When you reach the line in the listing below that contains "Firman acuerdo de", begin returning lines exactly as written, and stop after the line that contains "Ford Focus 1.5TDCI". Return no other lines.

--- START ---

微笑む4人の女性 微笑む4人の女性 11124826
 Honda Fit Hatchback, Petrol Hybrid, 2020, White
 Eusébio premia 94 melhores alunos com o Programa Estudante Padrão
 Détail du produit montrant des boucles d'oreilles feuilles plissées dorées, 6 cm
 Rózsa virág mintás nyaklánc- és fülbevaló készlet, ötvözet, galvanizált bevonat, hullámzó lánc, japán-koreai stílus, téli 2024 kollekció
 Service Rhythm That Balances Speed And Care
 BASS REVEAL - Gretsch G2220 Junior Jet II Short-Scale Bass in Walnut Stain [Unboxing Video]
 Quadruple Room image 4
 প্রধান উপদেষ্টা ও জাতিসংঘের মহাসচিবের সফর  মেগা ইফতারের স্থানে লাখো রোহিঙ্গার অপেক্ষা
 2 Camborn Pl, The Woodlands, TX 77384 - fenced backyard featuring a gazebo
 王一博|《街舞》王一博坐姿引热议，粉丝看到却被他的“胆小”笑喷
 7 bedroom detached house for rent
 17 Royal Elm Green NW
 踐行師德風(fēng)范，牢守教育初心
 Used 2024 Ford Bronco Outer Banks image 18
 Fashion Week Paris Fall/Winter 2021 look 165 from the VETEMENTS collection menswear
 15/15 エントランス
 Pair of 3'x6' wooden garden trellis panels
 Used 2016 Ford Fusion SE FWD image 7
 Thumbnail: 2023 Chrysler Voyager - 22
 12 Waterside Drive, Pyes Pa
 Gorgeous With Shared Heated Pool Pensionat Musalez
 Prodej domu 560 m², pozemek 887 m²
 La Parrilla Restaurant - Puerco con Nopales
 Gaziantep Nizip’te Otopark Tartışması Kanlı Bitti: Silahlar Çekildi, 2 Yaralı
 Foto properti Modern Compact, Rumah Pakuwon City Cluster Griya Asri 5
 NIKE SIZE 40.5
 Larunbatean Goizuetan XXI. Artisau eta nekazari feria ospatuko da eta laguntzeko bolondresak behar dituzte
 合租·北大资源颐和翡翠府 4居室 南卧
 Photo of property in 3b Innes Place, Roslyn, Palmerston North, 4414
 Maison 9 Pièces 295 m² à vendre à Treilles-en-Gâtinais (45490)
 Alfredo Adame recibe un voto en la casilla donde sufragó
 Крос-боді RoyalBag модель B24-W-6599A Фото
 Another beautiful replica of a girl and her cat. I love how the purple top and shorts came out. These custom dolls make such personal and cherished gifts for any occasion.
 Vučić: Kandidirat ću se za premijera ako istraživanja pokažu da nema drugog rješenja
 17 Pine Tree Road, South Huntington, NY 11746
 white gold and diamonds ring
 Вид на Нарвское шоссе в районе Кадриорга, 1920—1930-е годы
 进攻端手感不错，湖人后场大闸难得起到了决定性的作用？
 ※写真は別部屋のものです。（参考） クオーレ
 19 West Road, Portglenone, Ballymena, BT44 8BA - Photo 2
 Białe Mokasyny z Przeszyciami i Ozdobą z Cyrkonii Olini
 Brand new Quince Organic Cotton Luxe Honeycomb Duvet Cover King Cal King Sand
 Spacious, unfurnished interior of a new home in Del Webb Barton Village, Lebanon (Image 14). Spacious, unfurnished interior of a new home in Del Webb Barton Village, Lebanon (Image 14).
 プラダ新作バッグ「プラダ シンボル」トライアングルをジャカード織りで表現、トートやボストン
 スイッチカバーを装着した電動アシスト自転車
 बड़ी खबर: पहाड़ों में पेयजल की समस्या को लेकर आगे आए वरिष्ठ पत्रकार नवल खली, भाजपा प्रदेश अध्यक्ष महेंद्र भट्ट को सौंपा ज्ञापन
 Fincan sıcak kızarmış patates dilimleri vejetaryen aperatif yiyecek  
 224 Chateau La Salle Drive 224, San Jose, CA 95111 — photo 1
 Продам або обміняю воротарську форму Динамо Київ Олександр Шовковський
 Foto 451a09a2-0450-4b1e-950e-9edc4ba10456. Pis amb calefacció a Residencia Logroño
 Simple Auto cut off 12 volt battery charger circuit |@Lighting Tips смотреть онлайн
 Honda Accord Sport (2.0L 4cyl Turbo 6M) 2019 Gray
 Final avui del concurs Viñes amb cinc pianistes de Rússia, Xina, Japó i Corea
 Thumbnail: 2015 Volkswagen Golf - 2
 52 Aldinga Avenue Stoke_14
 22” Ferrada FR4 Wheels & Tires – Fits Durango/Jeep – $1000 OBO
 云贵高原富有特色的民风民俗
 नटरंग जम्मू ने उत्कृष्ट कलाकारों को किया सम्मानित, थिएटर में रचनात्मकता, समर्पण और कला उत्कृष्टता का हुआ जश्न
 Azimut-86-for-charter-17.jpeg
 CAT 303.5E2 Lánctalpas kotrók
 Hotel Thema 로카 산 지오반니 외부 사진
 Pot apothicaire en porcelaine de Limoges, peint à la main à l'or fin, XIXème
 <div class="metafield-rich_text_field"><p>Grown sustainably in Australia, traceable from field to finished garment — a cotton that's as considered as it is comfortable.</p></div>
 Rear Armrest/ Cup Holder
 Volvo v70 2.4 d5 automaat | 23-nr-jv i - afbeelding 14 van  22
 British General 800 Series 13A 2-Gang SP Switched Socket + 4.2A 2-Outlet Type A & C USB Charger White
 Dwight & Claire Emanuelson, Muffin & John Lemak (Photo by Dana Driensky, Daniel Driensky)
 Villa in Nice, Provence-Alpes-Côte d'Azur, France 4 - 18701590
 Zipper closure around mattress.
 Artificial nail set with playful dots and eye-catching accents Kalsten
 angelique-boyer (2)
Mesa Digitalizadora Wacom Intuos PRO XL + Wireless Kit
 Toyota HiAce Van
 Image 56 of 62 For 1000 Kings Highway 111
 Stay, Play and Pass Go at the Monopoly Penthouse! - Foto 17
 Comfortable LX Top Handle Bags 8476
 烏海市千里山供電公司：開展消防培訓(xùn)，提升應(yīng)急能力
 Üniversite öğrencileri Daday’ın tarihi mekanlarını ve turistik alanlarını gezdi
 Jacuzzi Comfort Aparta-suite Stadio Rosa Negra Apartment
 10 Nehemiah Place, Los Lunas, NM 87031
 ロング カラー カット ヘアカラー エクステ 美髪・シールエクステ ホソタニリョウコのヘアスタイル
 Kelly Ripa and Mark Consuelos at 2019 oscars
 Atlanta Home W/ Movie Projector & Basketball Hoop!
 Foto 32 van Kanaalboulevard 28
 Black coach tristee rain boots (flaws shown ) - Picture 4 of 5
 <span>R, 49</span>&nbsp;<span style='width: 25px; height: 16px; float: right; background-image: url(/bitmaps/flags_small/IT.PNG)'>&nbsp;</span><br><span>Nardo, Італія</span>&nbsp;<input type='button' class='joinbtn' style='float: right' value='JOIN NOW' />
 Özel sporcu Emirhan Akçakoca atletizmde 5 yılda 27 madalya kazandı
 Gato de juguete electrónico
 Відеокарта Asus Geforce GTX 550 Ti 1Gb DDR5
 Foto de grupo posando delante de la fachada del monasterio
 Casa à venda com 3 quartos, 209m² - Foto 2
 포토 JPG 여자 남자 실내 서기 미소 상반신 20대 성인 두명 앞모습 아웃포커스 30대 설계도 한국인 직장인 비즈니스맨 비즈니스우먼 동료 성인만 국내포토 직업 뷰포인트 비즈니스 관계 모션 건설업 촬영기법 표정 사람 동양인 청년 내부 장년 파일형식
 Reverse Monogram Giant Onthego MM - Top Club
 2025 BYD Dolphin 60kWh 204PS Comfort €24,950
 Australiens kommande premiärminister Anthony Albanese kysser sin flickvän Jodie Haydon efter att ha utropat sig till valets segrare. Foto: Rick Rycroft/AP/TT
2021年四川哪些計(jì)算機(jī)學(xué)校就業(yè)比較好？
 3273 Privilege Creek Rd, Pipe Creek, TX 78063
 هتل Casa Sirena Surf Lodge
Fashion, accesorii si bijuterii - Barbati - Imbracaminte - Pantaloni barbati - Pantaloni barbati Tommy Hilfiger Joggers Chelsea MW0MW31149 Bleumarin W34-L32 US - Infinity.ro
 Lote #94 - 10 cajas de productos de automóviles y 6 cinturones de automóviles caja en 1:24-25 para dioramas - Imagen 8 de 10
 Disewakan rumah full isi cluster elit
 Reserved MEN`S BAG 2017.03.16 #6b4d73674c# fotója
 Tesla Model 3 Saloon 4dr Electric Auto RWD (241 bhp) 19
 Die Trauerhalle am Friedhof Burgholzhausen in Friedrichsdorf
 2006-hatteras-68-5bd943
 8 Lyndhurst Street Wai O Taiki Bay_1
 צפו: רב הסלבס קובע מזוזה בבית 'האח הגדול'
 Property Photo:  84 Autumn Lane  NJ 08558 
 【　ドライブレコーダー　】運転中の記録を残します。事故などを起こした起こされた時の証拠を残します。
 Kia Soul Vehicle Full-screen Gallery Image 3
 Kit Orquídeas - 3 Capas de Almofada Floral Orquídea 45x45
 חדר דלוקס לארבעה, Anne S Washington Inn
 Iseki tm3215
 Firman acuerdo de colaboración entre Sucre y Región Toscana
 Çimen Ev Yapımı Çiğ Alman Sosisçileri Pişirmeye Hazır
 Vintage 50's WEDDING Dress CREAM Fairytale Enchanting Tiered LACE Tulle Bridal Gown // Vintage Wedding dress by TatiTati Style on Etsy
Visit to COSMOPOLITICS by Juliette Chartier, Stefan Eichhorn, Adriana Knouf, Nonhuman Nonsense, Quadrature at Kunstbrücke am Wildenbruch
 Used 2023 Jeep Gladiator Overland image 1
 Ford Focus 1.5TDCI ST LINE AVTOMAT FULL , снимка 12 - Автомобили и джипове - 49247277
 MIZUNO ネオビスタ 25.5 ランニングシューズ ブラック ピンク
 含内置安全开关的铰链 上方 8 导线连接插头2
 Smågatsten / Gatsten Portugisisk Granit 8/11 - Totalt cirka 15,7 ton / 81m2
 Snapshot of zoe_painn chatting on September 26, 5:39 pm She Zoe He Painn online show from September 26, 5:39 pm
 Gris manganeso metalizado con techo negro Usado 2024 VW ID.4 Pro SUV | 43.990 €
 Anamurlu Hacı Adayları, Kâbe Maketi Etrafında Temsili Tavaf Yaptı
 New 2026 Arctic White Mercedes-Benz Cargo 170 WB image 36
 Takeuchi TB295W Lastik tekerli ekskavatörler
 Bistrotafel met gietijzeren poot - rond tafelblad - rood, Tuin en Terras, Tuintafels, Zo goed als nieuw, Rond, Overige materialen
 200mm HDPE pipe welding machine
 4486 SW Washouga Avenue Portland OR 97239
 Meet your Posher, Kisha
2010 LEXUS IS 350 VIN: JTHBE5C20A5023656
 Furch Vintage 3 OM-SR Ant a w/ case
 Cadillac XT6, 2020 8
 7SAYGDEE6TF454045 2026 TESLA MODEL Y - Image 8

--- END ---

▸ **YOUR RESPONSE**
 Firman acuerdo de colaboración entre Sucre y Región Toscana
 Çimen Ev Yapımı Çiğ Alman Sosisçileri Pişirmeye Hazır
 Vintage 50's WEDDING Dress CREAM Fairytale Enchanting Tiered LACE Tulle Bridal Gown // Vintage Wedding dress by TatiTati Style on Etsy
Visit to COSMOPOLITICS by Juliette Chartier, Stefan Eichhorn, Adriana Knouf, Nonhuman Nonsense, Quadrature at Kunstbrücke am Wildenbruch
 Used 2023 Jeep Gladiator Overland image 1
 Ford Focus 1.5TDCI ST LINE AVTOMAT FULL , снимка 12 - Автомобили и джипове - 49247277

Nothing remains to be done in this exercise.